TASK BRIEF:
Copy each line of the data below exactly, leaving out pictures.
───── INFORMATION SHOWN ─────
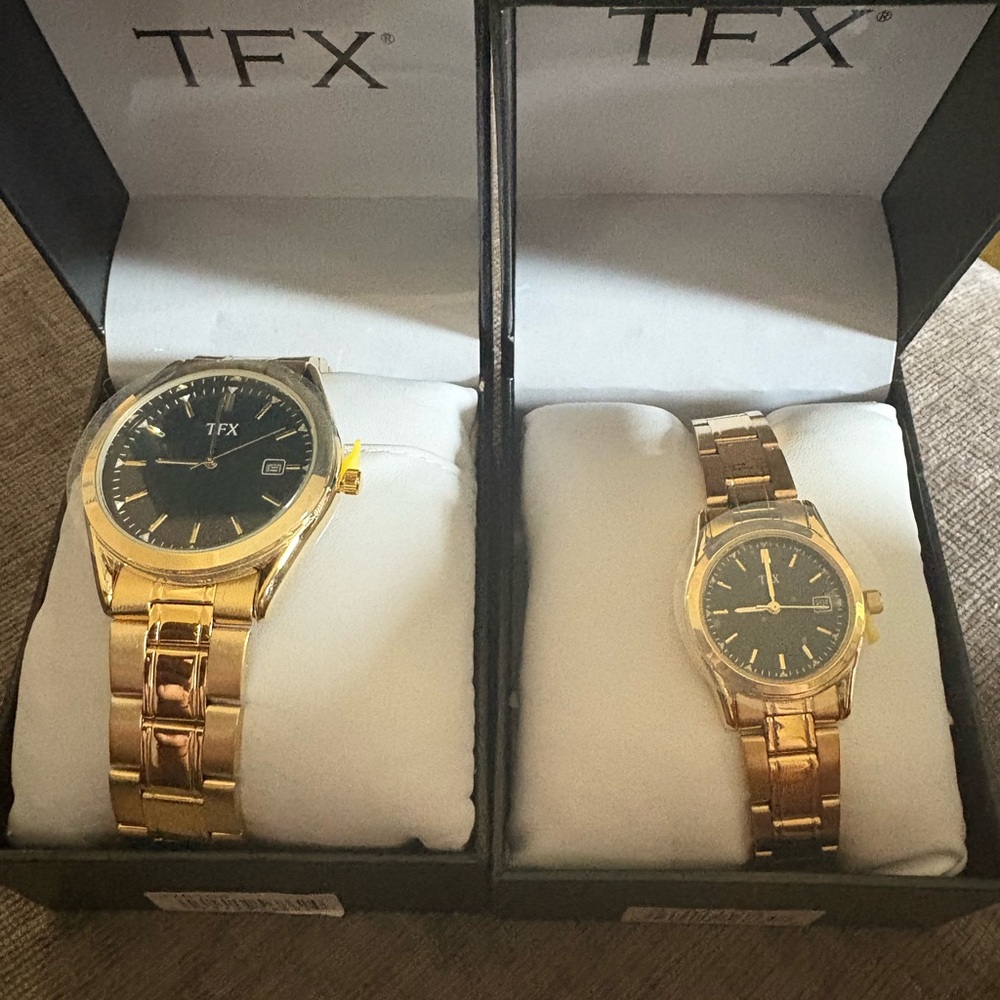 TFX Gold Watch Set with Black Dials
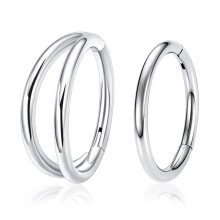 Dubbelring för septumring, klickring i kirurgiskt stål, gångjärnsförsedd design, broskörhänge, hypoallergent, sömlöst näs-, läpp- och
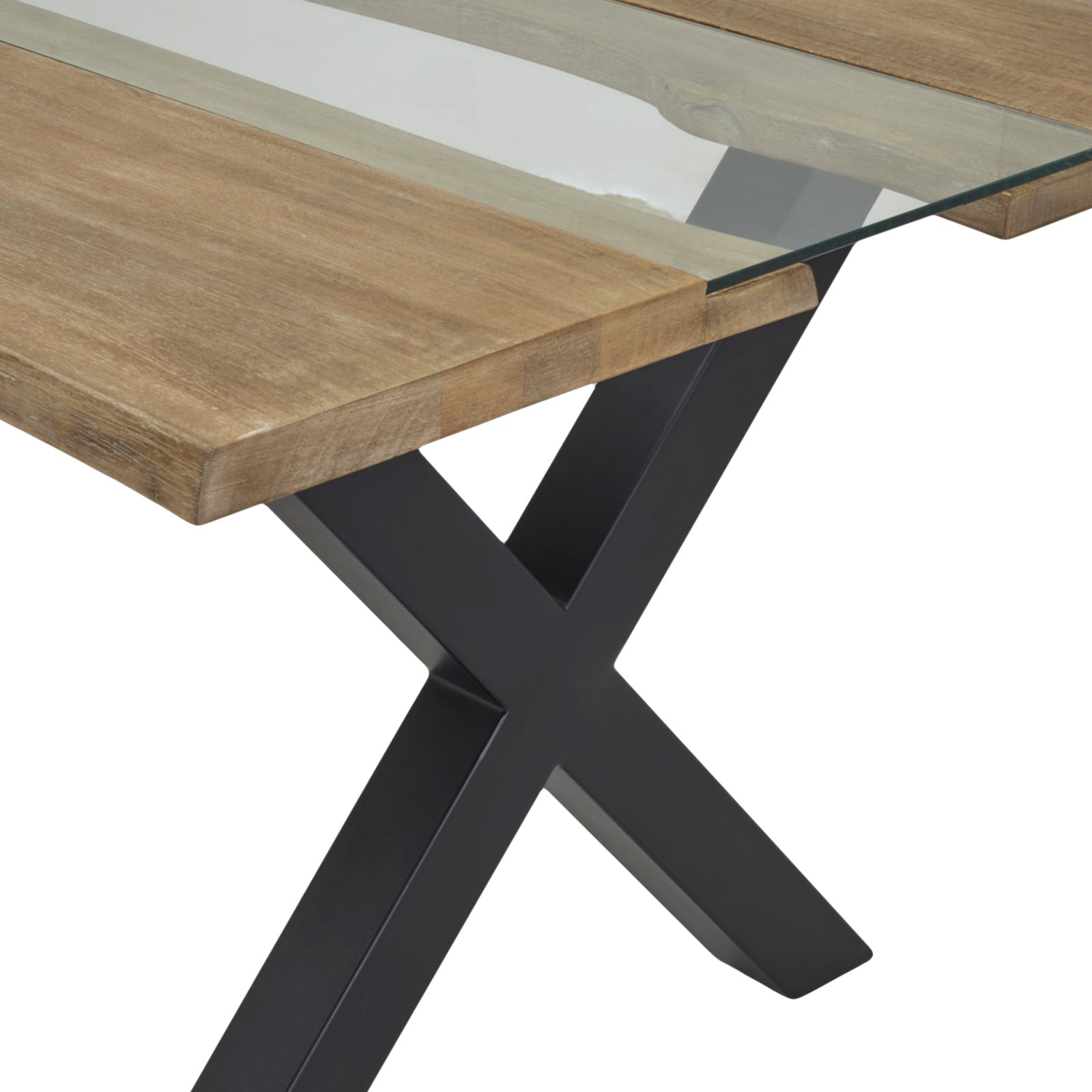Close-up of Hill Interiors Live Edge table showcasing the acacia wood grain and clear resin river detail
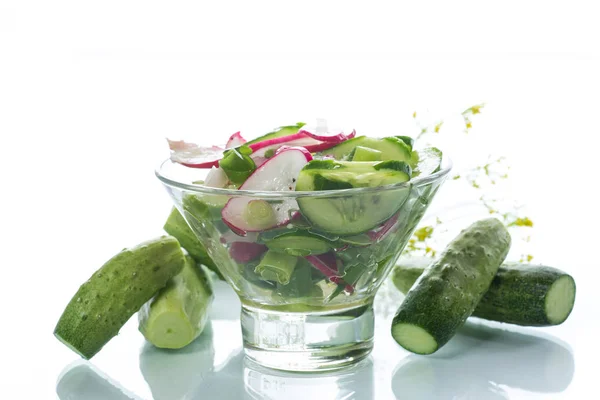 Fresh salad with cucumber and radish — Stock Photo, Image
─────
OUTPUT BELOW:
 TFX Gold Watch Set with Black Dials
 Dubbelring för septumring, klickring i kirurgiskt stål, gångjärnsförsedd design, broskörhänge, hypoallergent, sömlöst näs-, läpp- och
Close-up of Hill Interiors Live Edge table showcasing the acacia wood grain and clear resin river detail
 Fresh salad with cucumber and radish — Stock Photo, Image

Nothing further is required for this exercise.